6.2 Continuous update model

  1. Use persistent sync cursors and retention-safe refresh.
  2. Support low-rate incremental sync plus webhook-driven updates.
  3. Recompute only impacted flow neighborhoods, not full tenant graph.

7. Delivery Plan

Phase 0 - Contract lock (1 week)

  1. Freeze canonical execution flow semantics.
  2. Align PRD/walkthrough/progress language with actual behavior.
  3. Define API contracts for automation-first pages.

Phase 1 - Data model and ingestion core (2 weeks)

  1. Add business_flow and mapping tables.
  2. Add durable ingest idempotency ledger.
  3. Activate cursor-based incremental processing in platform pipeline.

Phase 2 - Temporal and event correctness (1 week)

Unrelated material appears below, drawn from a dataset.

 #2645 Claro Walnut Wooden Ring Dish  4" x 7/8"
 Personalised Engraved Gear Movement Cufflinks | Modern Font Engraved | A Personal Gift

  1. Add multi-timestamp event model.
  2. Update timeline APIs and UI adapters.
  3. Consume temporalMarkers in ordering logic.

Phase 3 - Evaluator and evidence alignment (2 weeks)

  1. Make MVP1 automation fields first-class evaluator inputs.
  2. Add automation/flow-level findings where needed.
  3. Extend evidence packs with continuity and flow-chain sections.

Phase 4 - UI automation-first rollout (2 weeks)

  1. Build Automation Overview and Automation Detail.
  2. Implement flow-lane visualization + reverse traversal view.
  3. Keep graph explorer as investigation depth tool.

Phase 5 - Validation and rollout hardening (1 week)

  1. Backfill/migration for existing entities.
  2. Regression suite for ordering, continuity, and traversal semantics.
  3. Pilot validation with deterministic replay checks.

8. Success Criteria

  1. Analysts can trace any automation from origin to egress (and reverse) in three clicks or fewer.
  2. Timeline ordering is source-accurate and reproducible.
  3. Client ID/credential rotations preserve business-flow continuity.
  4. MVP1 per-automation outputs are visible and actionable in UI without custom filtering.
  5. Continuous low-rate update mode maintains graph correctness without full-sync dependence.

9. Implementation Notes

  1. This document is intentionally separate from plans/2026-02-10-vision-vs-delivered-analysis.md for side-by-side comparison.
  2. It prioritizes architecture and UX semantics over connector feature inventory.
  3. It is intended to drive engineering tickets across sv0-platform, sv0-connectors, and docs.